Dari sisi politik luar negeri, ancaman krisis pangan akibat perang Rusia-Ukraina, dalam situasi itu, bangsa ini butuh persatuan, menyolidkan lagi kebangsaan kita, tinggalkan polarisasi. Sebab, yang kita hadapi kan krisis-krisis.
Anda melihat ini bisa diselesaikan oleh Prabowo Subianto?
Persatuan nasional itu awalnya. Bahwa Pak Prabowo, itu kan soal-soal yang strategis, dari ketiga tokoh yang muncul, ketiganya punya kelebihan dan kekurangan. Pak Anies intelektualis, Pak Ganjar populis, Pak Prabowo sosok strategis. Sebab, Prabowo pernah menjadi pasukan elite, jarang ada politisasi yang ketika ada persoalan diinternalisasi.
Dalam 20 tahun reformasi, kita sudah melalui banyak guncangan dan krisis, saat ini kita harus berubah prioritas. Saya lebih suka disebut Budiman ini aktivis peradaban, maka saya melakukan pertemuan dengan Prabowo, yang 20 tahun lalu kita berhadapan, bertemu, demi peradaban. Ini biasa saja.
Lalu ini, sedang menunggu pengumuman [pemecatan dari PDIP]?Enggak, ya walaupun kontroversial, tapi ya memang harus berdinamika.
Kenapa harus declare dan jadi terkesan membelot dari partai?
Harus ada sikap supaya salah satunya itu, agar didengar. Tapi kan juga ada sense of urgency. Kalau tidak, saya khawatir jika kemenangan penerusnya tipis, secara mental itu pengaruh. Dan ini saya berkaca dari pengalaman di Brasil, Presiden Lula itu kan approval-nya tinggi, tapi penerusnya, kena impeachment di tengah-tengah.
Inilah pengalaman di banyak negara begini, kita jangan sampai ikutan, nanti selalu poco-poco, ke kanan ke kiri, tidak ada bargaining power di dunia internasional. Konsekuensinya, akan jadi negara yang berkembang terus, tak pernah naik level jadi negara maju. Saya enggak mau Indonesia jadi negara seperti itu, negara poco-poco.
Berarti siap dengan konsekuensinya [dipecat dari PDIP]?
Enggak akan sebesar saat Orde Baru, 3B (bui, buang, bunuh). Apakah ada konsekuensi administratif organisasional untuk saya ya saya terima saja. Yang jelas apa yang saya lakukan adalah menerjemahkan apa yang dikatakan Bu Mega soal kepemimpinan strategis. Saya enggak nyari presiden, saya nyari pemimpin.

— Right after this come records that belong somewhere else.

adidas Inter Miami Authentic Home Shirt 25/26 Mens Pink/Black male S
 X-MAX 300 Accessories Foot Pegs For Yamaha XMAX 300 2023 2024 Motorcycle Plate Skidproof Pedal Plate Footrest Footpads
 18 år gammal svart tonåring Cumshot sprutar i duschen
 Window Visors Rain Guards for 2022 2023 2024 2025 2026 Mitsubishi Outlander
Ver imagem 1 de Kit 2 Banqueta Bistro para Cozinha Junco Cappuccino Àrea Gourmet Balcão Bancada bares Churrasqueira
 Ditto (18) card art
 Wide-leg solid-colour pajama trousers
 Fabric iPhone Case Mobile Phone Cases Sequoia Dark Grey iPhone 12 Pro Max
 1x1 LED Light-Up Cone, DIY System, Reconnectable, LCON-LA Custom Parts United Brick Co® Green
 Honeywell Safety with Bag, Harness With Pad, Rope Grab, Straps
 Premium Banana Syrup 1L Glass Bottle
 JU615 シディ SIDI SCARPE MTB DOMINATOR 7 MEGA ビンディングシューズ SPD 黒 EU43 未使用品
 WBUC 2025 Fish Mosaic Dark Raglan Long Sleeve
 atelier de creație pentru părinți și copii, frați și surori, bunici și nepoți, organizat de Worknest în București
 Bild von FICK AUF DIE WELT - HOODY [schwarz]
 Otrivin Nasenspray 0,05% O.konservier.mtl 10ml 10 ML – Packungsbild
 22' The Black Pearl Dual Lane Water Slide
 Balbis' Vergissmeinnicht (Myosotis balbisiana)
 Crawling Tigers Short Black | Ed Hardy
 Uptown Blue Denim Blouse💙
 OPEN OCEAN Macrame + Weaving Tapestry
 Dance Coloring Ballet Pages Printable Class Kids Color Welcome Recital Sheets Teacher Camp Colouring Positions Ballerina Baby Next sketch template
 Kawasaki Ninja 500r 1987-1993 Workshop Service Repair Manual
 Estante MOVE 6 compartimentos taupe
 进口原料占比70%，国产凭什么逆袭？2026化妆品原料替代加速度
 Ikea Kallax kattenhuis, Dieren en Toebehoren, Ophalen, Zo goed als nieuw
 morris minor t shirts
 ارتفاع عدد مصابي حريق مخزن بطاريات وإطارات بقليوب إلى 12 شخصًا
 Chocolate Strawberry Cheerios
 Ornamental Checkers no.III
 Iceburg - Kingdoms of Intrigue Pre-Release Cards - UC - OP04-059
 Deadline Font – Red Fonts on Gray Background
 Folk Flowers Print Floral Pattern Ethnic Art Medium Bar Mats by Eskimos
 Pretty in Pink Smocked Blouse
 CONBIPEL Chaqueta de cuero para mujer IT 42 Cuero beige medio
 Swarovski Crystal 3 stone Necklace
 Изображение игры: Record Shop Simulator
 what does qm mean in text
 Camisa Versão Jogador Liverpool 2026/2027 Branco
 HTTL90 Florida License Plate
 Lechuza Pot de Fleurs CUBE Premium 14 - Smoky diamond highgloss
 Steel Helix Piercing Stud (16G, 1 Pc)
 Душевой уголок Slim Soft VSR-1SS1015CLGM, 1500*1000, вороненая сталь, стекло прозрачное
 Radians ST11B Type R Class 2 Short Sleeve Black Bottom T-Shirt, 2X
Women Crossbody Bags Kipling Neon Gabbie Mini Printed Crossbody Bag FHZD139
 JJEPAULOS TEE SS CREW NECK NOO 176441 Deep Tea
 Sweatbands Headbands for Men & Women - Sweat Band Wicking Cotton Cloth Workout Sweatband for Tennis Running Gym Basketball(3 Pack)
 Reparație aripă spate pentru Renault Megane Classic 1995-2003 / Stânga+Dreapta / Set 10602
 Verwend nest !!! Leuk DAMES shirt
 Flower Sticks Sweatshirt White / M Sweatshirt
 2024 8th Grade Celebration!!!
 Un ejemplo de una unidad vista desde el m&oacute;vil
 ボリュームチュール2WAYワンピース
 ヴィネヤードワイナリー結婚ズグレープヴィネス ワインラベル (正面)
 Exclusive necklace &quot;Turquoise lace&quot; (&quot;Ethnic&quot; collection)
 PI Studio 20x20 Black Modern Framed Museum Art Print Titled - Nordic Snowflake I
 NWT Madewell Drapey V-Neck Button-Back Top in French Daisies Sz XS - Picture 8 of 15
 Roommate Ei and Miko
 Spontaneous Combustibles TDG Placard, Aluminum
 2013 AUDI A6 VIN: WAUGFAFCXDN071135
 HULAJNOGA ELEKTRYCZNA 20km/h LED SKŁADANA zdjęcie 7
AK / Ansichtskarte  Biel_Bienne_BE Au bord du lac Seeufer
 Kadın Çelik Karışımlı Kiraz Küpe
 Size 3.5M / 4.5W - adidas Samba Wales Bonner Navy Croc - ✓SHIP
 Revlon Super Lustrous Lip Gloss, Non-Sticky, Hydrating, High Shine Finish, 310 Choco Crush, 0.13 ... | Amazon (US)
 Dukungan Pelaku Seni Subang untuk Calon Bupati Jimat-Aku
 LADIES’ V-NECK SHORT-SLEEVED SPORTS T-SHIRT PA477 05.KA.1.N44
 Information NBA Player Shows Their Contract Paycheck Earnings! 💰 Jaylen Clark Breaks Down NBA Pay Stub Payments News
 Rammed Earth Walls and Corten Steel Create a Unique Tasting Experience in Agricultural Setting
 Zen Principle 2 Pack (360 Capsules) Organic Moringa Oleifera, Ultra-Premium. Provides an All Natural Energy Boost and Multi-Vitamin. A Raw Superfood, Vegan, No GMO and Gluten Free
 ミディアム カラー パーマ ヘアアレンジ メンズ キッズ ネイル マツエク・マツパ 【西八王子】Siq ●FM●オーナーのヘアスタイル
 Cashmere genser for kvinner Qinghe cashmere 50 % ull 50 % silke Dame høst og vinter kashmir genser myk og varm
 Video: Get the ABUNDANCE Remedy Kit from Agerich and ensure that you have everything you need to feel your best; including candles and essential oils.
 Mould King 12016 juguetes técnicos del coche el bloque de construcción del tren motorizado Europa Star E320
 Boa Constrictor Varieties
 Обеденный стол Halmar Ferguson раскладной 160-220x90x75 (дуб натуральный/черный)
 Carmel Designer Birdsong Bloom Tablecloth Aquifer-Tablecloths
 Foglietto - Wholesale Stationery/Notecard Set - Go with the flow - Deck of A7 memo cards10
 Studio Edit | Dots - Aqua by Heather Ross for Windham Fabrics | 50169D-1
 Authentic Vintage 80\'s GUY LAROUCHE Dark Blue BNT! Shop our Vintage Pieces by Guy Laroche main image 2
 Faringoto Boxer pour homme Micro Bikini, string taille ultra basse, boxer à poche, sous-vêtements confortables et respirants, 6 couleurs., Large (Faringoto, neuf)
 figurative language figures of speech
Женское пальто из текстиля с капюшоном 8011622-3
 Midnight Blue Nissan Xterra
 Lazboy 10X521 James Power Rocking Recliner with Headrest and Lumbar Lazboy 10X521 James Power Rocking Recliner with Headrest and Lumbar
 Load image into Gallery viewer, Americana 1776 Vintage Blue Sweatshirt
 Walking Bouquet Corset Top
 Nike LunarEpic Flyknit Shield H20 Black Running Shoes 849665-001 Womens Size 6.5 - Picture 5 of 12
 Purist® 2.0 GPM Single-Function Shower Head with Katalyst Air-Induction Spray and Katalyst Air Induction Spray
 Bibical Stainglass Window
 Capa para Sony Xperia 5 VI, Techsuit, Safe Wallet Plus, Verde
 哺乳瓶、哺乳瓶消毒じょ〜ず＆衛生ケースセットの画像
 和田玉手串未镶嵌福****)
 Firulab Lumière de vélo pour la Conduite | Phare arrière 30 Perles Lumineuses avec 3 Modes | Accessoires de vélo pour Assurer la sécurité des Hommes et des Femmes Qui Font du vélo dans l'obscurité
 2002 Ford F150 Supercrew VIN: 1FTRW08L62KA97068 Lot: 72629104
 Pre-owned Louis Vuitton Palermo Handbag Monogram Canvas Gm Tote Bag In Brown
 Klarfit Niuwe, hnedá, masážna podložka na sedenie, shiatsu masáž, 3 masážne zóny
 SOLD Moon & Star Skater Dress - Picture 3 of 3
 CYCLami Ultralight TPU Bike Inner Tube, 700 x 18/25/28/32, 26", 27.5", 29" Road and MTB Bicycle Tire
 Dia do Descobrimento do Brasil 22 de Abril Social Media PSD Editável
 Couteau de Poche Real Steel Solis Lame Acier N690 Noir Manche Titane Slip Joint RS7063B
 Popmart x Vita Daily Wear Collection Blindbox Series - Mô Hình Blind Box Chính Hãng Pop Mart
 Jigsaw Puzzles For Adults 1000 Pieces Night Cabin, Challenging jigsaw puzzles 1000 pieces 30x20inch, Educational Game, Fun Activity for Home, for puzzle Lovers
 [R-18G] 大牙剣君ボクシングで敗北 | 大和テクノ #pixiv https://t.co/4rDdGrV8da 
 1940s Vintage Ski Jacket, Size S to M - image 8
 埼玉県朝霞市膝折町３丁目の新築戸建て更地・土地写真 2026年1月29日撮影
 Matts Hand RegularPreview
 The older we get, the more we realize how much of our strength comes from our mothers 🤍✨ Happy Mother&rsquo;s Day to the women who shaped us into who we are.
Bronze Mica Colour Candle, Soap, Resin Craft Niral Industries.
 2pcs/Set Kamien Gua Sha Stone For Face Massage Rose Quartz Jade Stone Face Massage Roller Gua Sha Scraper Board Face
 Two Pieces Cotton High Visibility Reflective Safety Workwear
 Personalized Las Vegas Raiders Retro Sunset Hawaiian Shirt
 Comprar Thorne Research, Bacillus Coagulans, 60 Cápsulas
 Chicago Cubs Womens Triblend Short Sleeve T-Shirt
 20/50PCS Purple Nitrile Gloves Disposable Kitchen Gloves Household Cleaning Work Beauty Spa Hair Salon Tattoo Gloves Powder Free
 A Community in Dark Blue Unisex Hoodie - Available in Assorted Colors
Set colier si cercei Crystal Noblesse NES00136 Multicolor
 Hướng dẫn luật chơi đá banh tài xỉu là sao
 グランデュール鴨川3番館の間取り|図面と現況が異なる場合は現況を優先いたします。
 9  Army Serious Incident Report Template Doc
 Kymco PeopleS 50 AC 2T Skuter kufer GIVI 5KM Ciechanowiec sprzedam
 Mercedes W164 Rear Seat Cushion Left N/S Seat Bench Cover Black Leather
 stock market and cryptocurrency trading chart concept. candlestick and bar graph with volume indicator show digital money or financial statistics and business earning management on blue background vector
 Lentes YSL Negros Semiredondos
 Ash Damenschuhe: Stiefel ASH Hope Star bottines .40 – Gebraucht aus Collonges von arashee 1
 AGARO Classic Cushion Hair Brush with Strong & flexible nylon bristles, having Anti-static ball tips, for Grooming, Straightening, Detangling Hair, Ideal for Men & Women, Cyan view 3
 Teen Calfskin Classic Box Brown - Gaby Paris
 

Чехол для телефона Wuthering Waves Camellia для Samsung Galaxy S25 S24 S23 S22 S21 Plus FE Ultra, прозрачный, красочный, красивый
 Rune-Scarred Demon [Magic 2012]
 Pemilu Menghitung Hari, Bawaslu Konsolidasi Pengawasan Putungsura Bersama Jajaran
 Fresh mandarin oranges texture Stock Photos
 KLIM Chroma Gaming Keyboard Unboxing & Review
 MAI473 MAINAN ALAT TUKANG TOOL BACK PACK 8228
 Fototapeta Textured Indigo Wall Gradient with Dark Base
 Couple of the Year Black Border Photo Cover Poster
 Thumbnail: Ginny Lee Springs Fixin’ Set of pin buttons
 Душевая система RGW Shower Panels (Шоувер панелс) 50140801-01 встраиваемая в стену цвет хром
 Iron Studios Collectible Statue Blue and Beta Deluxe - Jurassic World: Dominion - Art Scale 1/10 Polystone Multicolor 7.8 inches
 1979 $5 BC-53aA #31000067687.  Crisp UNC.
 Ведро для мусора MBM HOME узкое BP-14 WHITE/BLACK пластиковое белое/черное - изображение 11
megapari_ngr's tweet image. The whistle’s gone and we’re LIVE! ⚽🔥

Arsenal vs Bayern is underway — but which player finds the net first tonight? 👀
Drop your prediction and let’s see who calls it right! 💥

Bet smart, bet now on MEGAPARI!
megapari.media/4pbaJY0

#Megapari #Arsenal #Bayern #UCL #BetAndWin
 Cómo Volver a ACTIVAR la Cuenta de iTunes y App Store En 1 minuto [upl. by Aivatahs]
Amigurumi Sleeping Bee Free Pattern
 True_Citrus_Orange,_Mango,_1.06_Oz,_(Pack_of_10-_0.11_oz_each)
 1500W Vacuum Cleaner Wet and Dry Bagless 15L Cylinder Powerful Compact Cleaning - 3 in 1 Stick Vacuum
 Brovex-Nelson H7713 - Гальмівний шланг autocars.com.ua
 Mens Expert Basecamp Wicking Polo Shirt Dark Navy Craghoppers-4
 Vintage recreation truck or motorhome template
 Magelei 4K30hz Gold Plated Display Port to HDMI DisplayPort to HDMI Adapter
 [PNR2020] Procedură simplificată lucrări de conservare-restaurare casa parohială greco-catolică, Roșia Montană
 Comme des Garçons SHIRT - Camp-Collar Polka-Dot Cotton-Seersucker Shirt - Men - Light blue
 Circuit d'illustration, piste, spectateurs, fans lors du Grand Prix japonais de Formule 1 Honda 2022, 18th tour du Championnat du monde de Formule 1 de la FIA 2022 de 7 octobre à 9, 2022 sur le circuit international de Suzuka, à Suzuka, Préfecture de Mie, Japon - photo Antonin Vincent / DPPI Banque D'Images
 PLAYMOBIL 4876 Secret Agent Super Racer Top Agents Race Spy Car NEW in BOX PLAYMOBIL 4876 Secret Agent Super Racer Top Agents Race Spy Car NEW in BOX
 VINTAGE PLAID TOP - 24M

Banyak yang bilang Budiman bakal jadi gelandangan politik, bagaimana tanggapan Anda?
Saya jadi tahanan politik aja pernah, ngapain takut jadi gelandangan politik. Kenapa orang nakut-nakutin saya dengan label superfisial.
Budiman tidak pernah menjadi gelandangan politik, saya akan selalu mendorong transformasi-transformasi yang memang sesuai dengan panggilan sejarah.